SHIYE VAGMAN (JOSHUA WAGMAN) (1834-May 22, 1912)
He was born in Kiev, Ukraine. He received a traditional Jewish education, later becoming a follower of the Jewish Enlightenment. He lived in Odessa until 1878, and from there he moved to the United States. He lived in New York until 1895, after that in other American cities, and in 1909 back to New York. He published in: Hamelits (The advocate), Kol mevaser (Herald), and Nyu yorker yudishe folkstsaytung (New York Jewish people’s newspaper) (1866-1889), in which he administered for the first time in the Yiddish press his division “Der shpigl” (The mirror) which in an easy-going form illuminated fast-moving events. Over the years 1890-1895, he was editor of the weekly newspaper Der telegraf (The telegraph) in New York, which he filled out by himself almost completely. He published Der teglikher telegraf (The daily telegraph) in 1895, which appeared for a short time only. After this he contributed to Dovid Apoteker’s monthly periodical Gegenvart (The present) in Philadelphia and published newspapers in various cities, such as: Filadelfyer post (Philadelphia mail), 1898 in Philadelphia; Der shpigl in Chicago; and in Cincinnati and Minneapolis. He was known as an uncompromising fighter for Jewish Orthodoxy in America. Of his many newspaper novels, a few appeared separately as books: Di aristokratishe kale (The aristocratic bride) (New York, 1893), 319 pp.; Di sheyne tirkin (The beautiful Turkish girl) (New York, 1892), 479 pp.; and Don-kikhot (Don Quixote); among others. He died in New York.

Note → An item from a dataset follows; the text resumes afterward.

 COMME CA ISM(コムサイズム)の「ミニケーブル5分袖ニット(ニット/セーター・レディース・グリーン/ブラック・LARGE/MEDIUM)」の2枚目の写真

Sources: Zalmen Reyzen, Leksikon, vol. 1; D. B. Tirkel, in Der pinkes (from the American division of YIVO) (New York, 1928), p. 261; Dr. A. Ginzburg, in Forverts (New York) (April 23, 1932); Elye Shulman, Geshikhte fun der yidisher literatur in amerike (History of Yiddish literature in America) (New York, 1943), p. 90; Kalmen Marmor, Der onhoyb fun der yidisher literatur in amerike (The beginning of Yiddish literature in America) (New York, 1944), pp. 35-37; Y. Tsuzmer, Beikve hador (At the edge of the generation) (New York, 1957), p. 207.